● **Assigned task**
Reproduce all entries precisely, down to the last character.

──────── Provided information

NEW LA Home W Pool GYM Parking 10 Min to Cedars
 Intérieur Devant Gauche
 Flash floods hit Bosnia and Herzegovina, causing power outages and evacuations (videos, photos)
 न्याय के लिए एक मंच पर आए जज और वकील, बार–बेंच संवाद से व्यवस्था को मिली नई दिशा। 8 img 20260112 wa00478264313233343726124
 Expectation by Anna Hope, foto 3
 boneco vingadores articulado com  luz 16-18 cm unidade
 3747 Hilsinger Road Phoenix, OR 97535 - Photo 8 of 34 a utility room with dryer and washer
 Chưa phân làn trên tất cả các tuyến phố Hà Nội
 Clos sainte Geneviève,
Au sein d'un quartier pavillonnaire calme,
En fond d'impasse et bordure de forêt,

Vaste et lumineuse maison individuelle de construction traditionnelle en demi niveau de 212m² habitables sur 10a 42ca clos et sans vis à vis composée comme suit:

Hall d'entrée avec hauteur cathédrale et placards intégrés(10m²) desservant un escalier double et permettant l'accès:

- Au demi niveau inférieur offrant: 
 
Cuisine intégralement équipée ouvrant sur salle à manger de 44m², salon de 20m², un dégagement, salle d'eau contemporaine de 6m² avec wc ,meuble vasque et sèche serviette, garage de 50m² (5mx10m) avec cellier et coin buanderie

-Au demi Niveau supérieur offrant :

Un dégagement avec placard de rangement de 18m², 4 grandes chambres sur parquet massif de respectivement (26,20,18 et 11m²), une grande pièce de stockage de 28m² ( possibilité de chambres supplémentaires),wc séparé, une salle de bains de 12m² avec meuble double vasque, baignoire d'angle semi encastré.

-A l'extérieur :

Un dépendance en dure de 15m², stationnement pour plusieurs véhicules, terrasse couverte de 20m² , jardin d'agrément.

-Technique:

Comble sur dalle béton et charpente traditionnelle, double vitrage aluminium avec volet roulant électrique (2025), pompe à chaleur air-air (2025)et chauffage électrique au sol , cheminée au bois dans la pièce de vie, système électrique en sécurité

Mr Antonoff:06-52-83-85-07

────────────────

● **Exercise answer**
NEW LA Home W Pool GYM Parking 10 Min to Cedars
 Intérieur Devant Gauche
 Flash floods hit Bosnia and Herzegovina, causing power outages and evacuations (videos, photos)
 न्याय के लिए एक मंच पर आए जज और वकील, बार–बेंच संवाद से व्यवस्था को मिली नई दिशा। 8 img 20260112 wa00478264313233343726124
 Expectation by Anna Hope, foto 3
 boneco vingadores articulado com  luz 16-18 cm unidade
 3747 Hilsinger Road Phoenix, OR 97535 - Photo 8 of 34 a utility room with dryer and washer
 Chưa phân làn trên tất cả các tuyến phố Hà Nội
 Clos sainte Geneviève,
Au sein d'un quartier pavillonnaire calme,
En fond d'impasse et bordure de forêt,

Vaste et lumineuse maison individuelle de construction traditionnelle en demi niveau de 212m² habitables sur 10a 42ca clos et sans vis à vis composée comme suit:

Hall d'entrée avec hauteur cathédrale et placards intégrés(10m²) desservant un escalier double et permettant l'accès:

- Au demi niveau inférieur offrant: 
 
Cuisine intégralement équipée ouvrant sur salle à manger de 44m², salon de 20m², un dégagement, salle d'eau contemporaine de 6m² avec wc ,meuble vasque et sèche serviette, garage de 50m² (5mx10m) avec cellier et coin buanderie

-Au demi Niveau supérieur offrant :

Un dégagement avec placard de rangement de 18m², 4 grandes chambres sur parquet massif de respectivement (26,20,18 et 11m²), une grande pièce de stockage de 28m² ( possibilité de chambres supplémentaires),wc séparé, une salle de bains de 12m² avec meuble double vasque, baignoire d'angle semi encastré.

-A l'extérieur :

Un dépendance en dure de 15m², stationnement pour plusieurs véhicules, terrasse couverte de 20m² , jardin d'agrément.

-Technique:

Comble sur dalle béton et charpente traditionnelle, double vitrage aluminium avec volet roulant électrique (2025), pompe à chaleur air-air (2025)et chauffage électrique au sol , cheminée au bois dans la pièce de vie, système électrique en sécurité

Mr Antonoff:06-52-83-85-07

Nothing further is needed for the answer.